Dérèglement-climatique-et-dérèglement-civilisationnel

Dérèglement-climatique-et-dérèglement-civilisationnel

par
Philippe Lukacs

Economiste

L’économiste Philippe Lukacs rappelle, dans une tribune au « Monde », que le concept de « décivilisation » brandie dans le débat public, a été utilisé par l’ethnologue Robert Jaulin en 1974 pour dénoncer la destruction des modes de vie humains par un système économique prédateur de l’homme et de la nature.

Oui, comme le président de la République l’a évoqué le 24 mai, nous risquons non seulement un dérèglement climatique mais aussi un dérèglement civilisationnel, une « décivilisation ». Mais ce risque de décivilisation n’est pas celui de la perte des bonnes mœurs ou la déliquescence des hiérarchies, selon la conception qu’en donne Renaud Camus avec son essai de 2011 (Décivilisation, Fayard, 2011) dans un mouvement réactionnaire de regret du passé. Il n’appelle pas non plus à un « sursaut moral » comme le chef de l’Etat nous y a invités en réaction aux récentes émeutes.

Le risque est plus fondamental : c’est la logique même de notre civilisation qui nous entraîne vers une décivilisation. Il ne s’agit donc pas de chercher à maintenir un ordre ancien regretté mais, tout au contraire, de sortir le plus vite possible d’une logique mortifère.

Dès 1923, le philosophe György Lukacs (1885-1971) dénonçait, après Karl Marx (1818-1883), le risque d’une transformation du monde et de l’humanité en « choses », en marchandises échangeables : une « réification » du monde (Histoire et conscience de classe. Essais de dialectique marxiste, Paris, Les Editions de Minuit, 1960).

Notre aveuglement à l’égard ce qui est au-delà des marchandises, le climat notamment, n’est-il pas justement une des conséquences de ce mouvement de réification du monde ? En 1972, l’économiste Dennis Meadows, dans son fameux rapport sur « Les limites de la croissance », montrait que la logique selon laquelle nous construisons aujourd’hui notre univers de vie conduit à la mort de l’humanité, et donc de la civilisation.

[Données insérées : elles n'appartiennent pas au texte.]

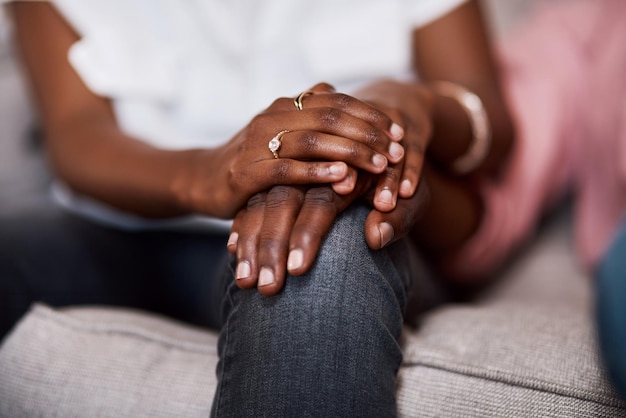 Eres todo lo que necesitaré Captura recortada de una pareja irreconocible tomados de la mano mientras están sentados juntos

En 2005, le sociologue Hartmut Rosa soulignait que notre logique d’accélération entraîne de multiples dysfonctionnements, non seulement écologiques, économiques mais aussi politiques, et se répercute même sur chaque individu (Accélération, une critique sociale du temps, La Découverte, 2013). Il montrait que dérèglement climatique et dérèglement civilisationnel sont liés.

Nous devons faire évoluer notre oekonomia, au sens étymologique du terme, c’est-à-dire la logique selon laquelle nous construisons notre « maison ». L’économie doit aujourd’hui élargir son regard. Non plus avoir comme unique préoccupation celle de l’optimisation de la production mais, plus largement, être attentive aux interdépendances, tant sociales qu’avec la nature.